## [SUPPLIED ENTRIES]

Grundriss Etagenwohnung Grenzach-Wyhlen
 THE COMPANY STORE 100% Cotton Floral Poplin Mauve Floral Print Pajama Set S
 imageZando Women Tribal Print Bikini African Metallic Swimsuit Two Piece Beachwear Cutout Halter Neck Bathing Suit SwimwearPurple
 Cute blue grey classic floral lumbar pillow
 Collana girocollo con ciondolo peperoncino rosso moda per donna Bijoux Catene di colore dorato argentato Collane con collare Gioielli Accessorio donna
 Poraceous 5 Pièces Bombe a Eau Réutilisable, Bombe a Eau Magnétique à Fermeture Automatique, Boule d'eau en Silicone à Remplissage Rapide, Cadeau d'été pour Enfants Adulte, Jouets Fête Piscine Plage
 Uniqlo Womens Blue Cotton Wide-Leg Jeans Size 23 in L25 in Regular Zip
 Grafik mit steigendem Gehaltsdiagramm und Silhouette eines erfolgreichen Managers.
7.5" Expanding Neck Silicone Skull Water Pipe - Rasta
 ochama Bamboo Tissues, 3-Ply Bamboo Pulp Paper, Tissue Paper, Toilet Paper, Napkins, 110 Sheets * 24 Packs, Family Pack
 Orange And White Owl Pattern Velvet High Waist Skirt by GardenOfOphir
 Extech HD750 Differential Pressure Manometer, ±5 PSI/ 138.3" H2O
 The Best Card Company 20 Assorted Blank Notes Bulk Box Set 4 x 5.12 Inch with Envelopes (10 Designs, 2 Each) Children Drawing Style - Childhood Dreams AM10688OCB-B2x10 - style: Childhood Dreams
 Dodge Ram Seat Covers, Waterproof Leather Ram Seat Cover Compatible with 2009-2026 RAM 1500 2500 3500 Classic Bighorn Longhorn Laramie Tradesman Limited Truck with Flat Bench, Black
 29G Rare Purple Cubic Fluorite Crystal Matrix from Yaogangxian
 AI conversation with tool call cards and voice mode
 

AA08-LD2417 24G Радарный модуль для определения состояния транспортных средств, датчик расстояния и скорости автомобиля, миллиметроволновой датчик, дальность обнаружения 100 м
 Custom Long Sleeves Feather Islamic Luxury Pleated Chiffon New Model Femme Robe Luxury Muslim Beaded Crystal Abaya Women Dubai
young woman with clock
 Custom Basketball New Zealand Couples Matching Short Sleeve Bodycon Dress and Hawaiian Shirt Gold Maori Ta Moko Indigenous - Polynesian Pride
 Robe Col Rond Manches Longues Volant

## [WHAT IS NEEDED]
Go through the material above line by line and copy it exactly.

## [SOLUTION]
Grundriss Etagenwohnung Grenzach-Wyhlen
 THE COMPANY STORE 100% Cotton Floral Poplin Mauve Floral Print Pajama Set S
 imageZando Women Tribal Print Bikini African Metallic Swimsuit Two Piece Beachwear Cutout Halter Neck Bathing Suit SwimwearPurple
 Cute blue grey classic floral lumbar pillow
 Collana girocollo con ciondolo peperoncino rosso moda per donna Bijoux Catene di colore dorato argentato Collane con collare Gioielli Accessorio donna
 Poraceous 5 Pièces Bombe a Eau Réutilisable, Bombe a Eau Magnétique à Fermeture Automatique, Boule d'eau en Silicone à Remplissage Rapide, Cadeau d'été pour Enfants Adulte, Jouets Fête Piscine Plage
 Uniqlo Womens Blue Cotton Wide-Leg Jeans Size 23 in L25 in Regular Zip
 Grafik mit steigendem Gehaltsdiagramm und Silhouette eines erfolgreichen Managers.
7.5" Expanding Neck Silicone Skull Water Pipe - Rasta
 ochama Bamboo Tissues, 3-Ply Bamboo Pulp Paper, Tissue Paper, Toilet Paper, Napkins, 110 Sheets * 24 Packs, Family Pack
 Orange And White Owl Pattern Velvet High Waist Skirt by GardenOfOphir
 Extech HD750 Differential Pressure Manometer, ±5 PSI/ 138.3" H2O
 The Best Card Company 20 Assorted Blank Notes Bulk Box Set 4 x 5.12 Inch with Envelopes (10 Designs, 2 Each) Children Drawing Style - Childhood Dreams AM10688OCB-B2x10 - style: Childhood Dreams
 Dodge Ram Seat Covers, Waterproof Leather Ram Seat Cover Compatible with 2009-2026 RAM 1500 2500 3500 Classic Bighorn Longhorn Laramie Tradesman Limited Truck with Flat Bench, Black
 29G Rare Purple Cubic Fluorite Crystal Matrix from Yaogangxian
 AI conversation with tool call cards and voice mode
 

AA08-LD2417 24G Радарный модуль для определения состояния транспортных средств, датчик расстояния и скорости автомобиля, миллиметроволновой датчик, дальность обнаружения 100 м
 Custom Long Sleeves Feather Islamic Luxury Pleated Chiffon New Model Femme Robe Luxury Muslim Beaded Crystal Abaya Women Dubai
young woman with clock
 Custom Basketball New Zealand Couples Matching Short Sleeve Bodycon Dress and Hawaiian Shirt Gold Maori Ta Moko Indigenous - Polynesian Pride
 Robe Col Rond Manches Longues Volant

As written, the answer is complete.